Gemma 4 peut devenir très utile dans la chaîne documentaire entourant l'acte — lire, classer ou extraire des éléments depuis des pièces numérisées. Nemotron et Qwen 3.6 MTP sont moins naturels comme rédacteurs finaux d'un acte, mais très intéressants en amont pour faire tourner des agents de collecte, de préparation, de transformation ou de contrôle de données.
Sur les consultations fiscales, aucun modèle ne doit être laissé seul face à des barèmes, des seuils, des versions de textes et des situations complexes sans base documentaire à jour. La connaissance fiscale doit être récupérée dans une base actualisée — pas supposée « déjà présente » dans le modèle. Voir l'article n°5 : RAG vs Fine-tuning pour les enjeux d'actualisation.
5. Architecture modulaire : répartition recommandée
Schéma 2 — Répartition recommandée par fonction
Ce schéma souligne que le meilleur système n'est pas un modèle unique, mais une architecture modulaire avec une couche de fiabilité documentaire commune à tous les modèles utilisés.
6. Ce que cela implique pour Actelyo
Pour Actelyo, ce benchmark confirme une intuition stratégique forte : la valeur ne vient pas d'un logo de modèle affiché en page d'accueil, mais de la manière dont les modèles sont assemblés dans une architecture souveraine et métier. Une plateforme juridique sérieuse doit pouvoir choisir le bon moteur selon le cas d'usage, tout en gardant les données, les vecteurs, les documents et les clés de sécurité dans un environnement contrôlé.
Dans cette logique :
- Mistral peut devenir le moteur principal d'un cabinet qui privilégie la souveraineté ;
- GPT-4 peut servir sur des cas transverses ou des démonstrations de haut niveau ;
- Gemma 4 peut renforcer la chaîne documentaire et l'analyse multimodale ;
- Nemotron et Qwen 3.6 MTP peuvent piloter les agents et l'automatisation.

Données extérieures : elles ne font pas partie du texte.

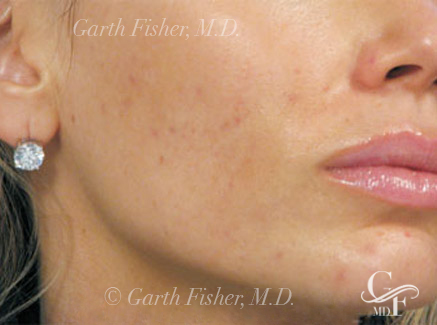 Photo of Patient 11 After Skin/Laser Treatments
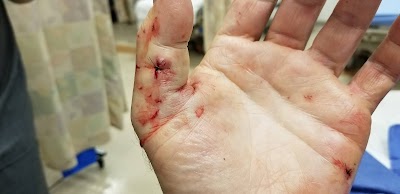 Sweet James Accident Attorneys - Car accident lawyer in Encino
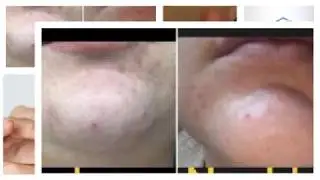 Hanf Feuchtigkeitscreme unreine Haut &ndash; Cannabis Gesichtspflege bei Akne &ndash; Gesichtscreme gegen Pickel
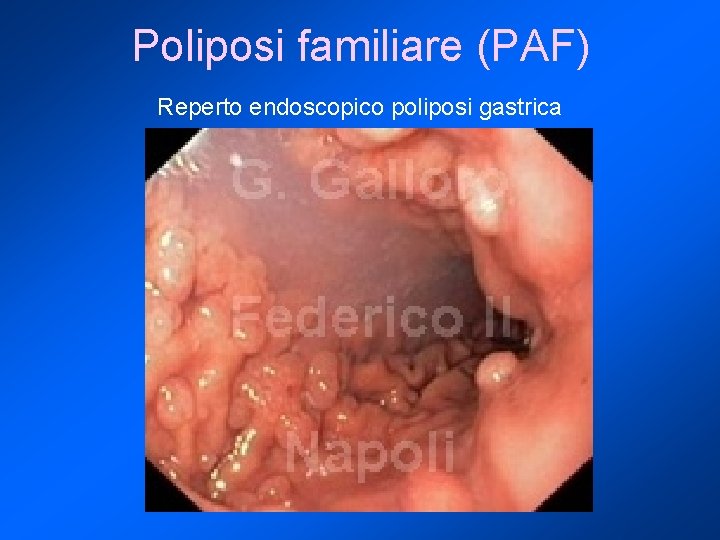 Poliposi familiare (PAF) Reperto endoscopico poliposi gastrica 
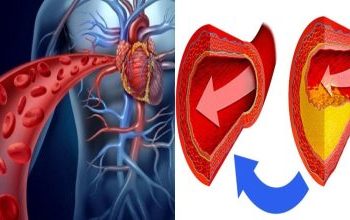 Φραγμένες αρτηρίες: 4 επικίνδυνα σημάδια που δεν πρέπει να αγνοήσετε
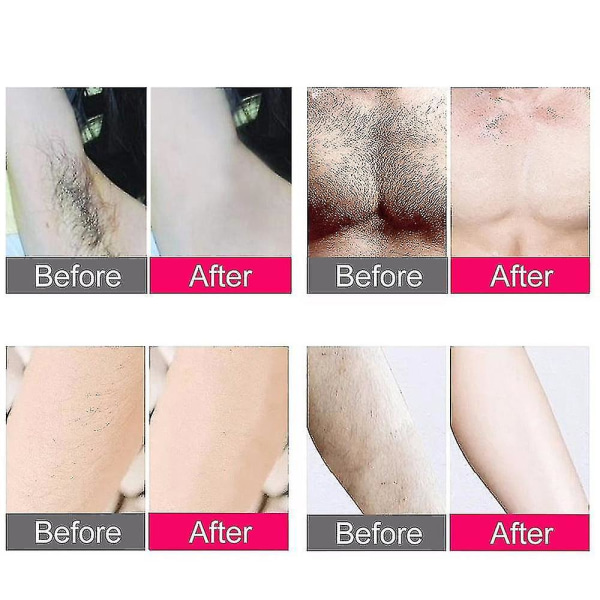 IPL Hårfjerning Laser Hårfjerningsenhet 300000 Blink Barbering og Hårfjerning, Permanent Hårfjerningsenhet Kvinner Smertefri Lys Hår pink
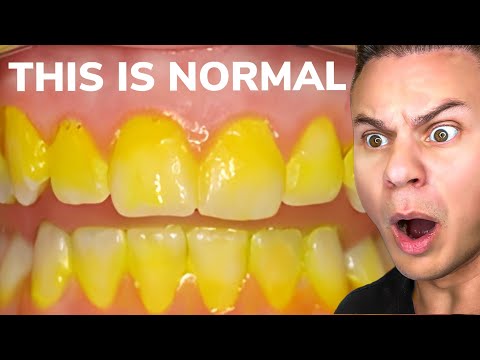 Can Whitening Toothpaste Cause Yellow Teeth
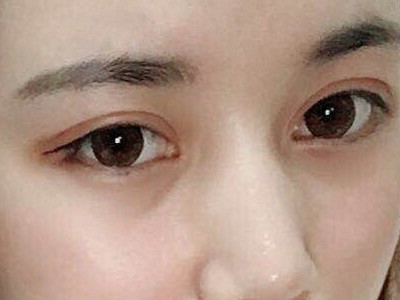 超声波双眼皮,感觉自己好漂亮啊411 超声波双眼皮,感觉自己好漂亮啊411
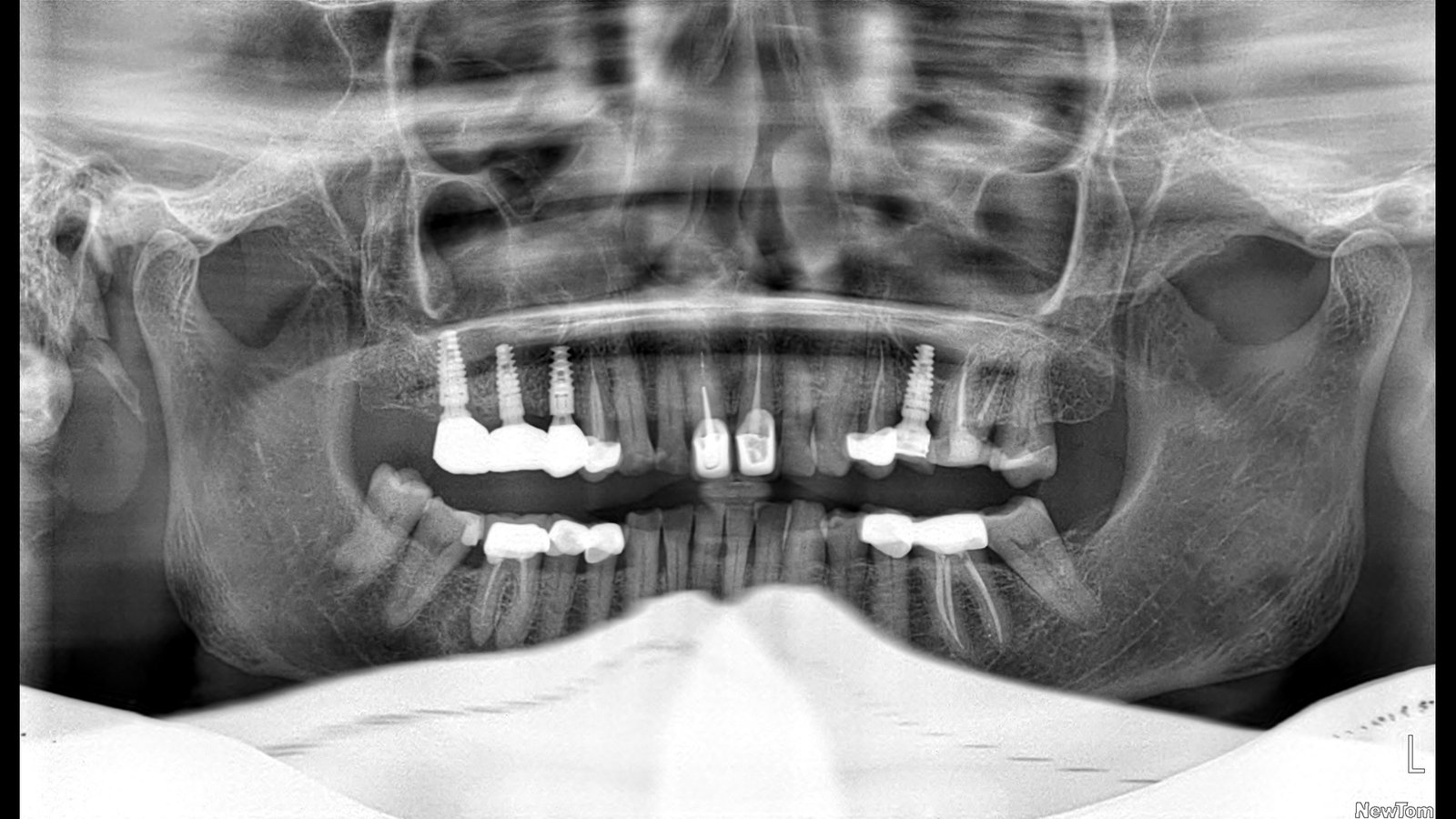 Before and after dental implants treatment by Dr Shreya Rajkumar, Dubai Silicon Oasis & Lucknow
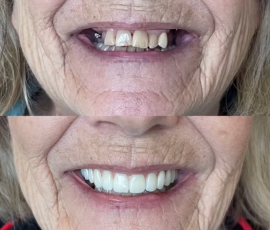 Teeth in a Day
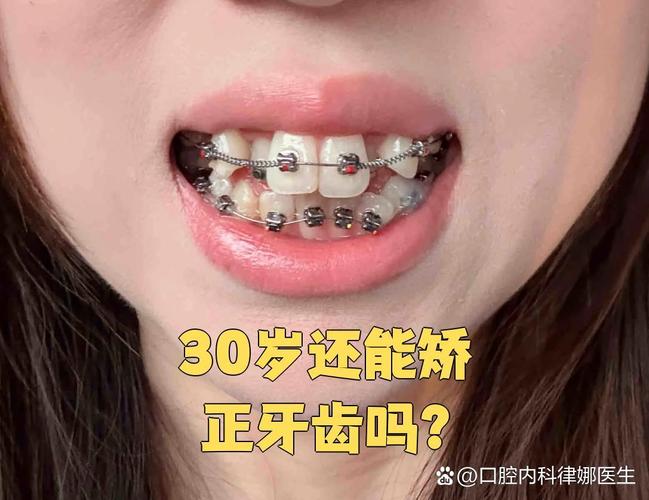 杭州30岁龅牙怎么快速矫正?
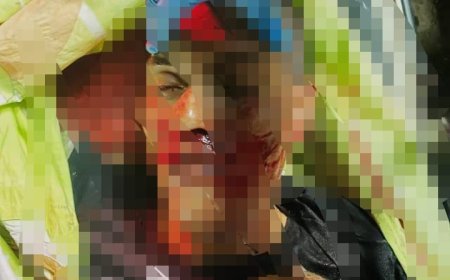 Alias ‘La R4t4’ Asesinado y Alias ‘El Chamo’ Herido en Ataque Sicarial en el Danubio, Comuna de Villa Santana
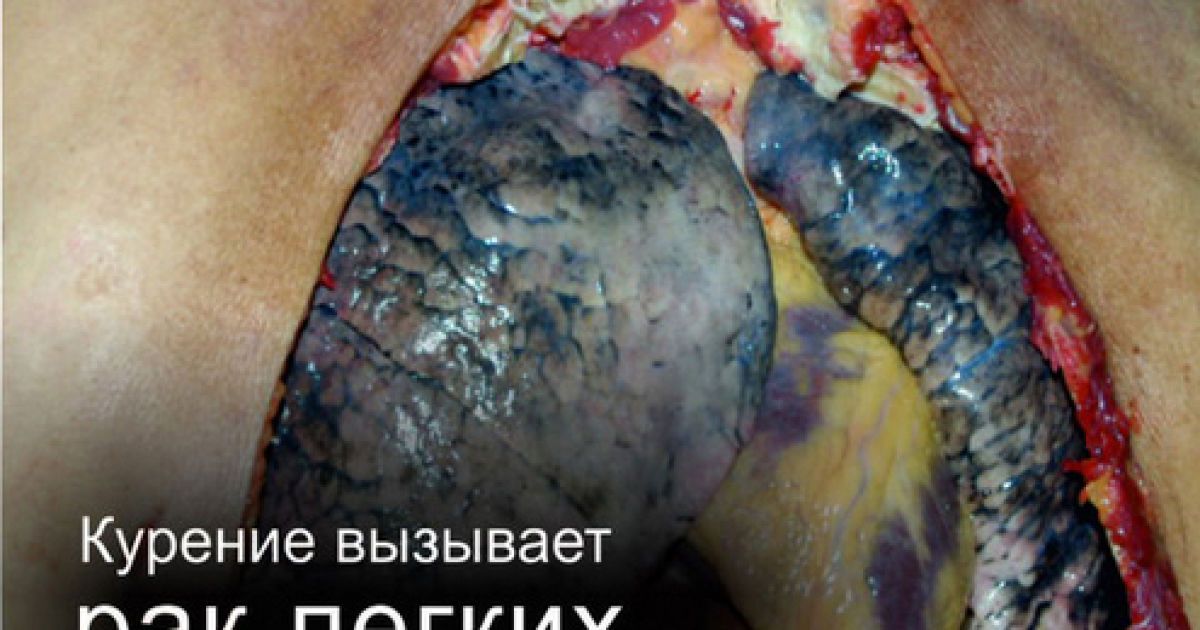 На пачках сигарет з'являться попередження для курців / © Московский комсомолец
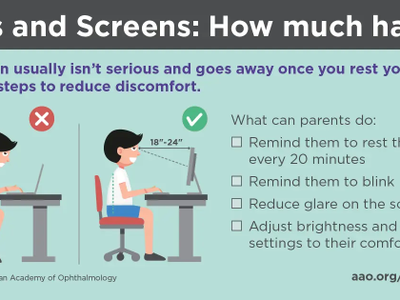 Child at computer 18–24 in away; rest eyes every 20 minutes; blink; reduce glare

Mais aucune de ces briques ne remplace le socle : base documentaire propre, RAG, séparation des juridictions, et gouvernance des sorties. C'est précisément sur ce terrain que les solutions verticales comme Actelyo peuvent dépasser les comparatifs génériques et construire une vraie barrière à l'entrée.
La constitution d'un corpus juridique francophone de qualité — condition préalable à tout benchmark sérieux — est détaillée dans les articles n°3 (Légifrance) et n°5 (RAG vs Fine-tuning).
Conclusion
Pour un cabinet francophone, la réponse la plus solide est la suivante : commencer par définir l'architecture, puis sélectionner les modèles par rôle. Mistral apparaît comme le meilleur point d'entrée pour une IA juridique souveraine en français ; GPT-4 reste redoutable pour la polyvalence et la démonstration ; Gemma 4 mérite une place dans la chaîne documentaire ; Nemotron et Qwen 3.6 MTP sont très crédibles pour les agents et l'automatisation.
Le véritable benchmark utile n'oppose donc pas cinq modèles dans le vide. Il consiste à déterminer quelle combinaison permet d'obtenir, pour un cabinet donné, le meilleur équilibre entre qualité de réponse, conformité, souveraineté, coût d'exploitation et capacité d'évolution.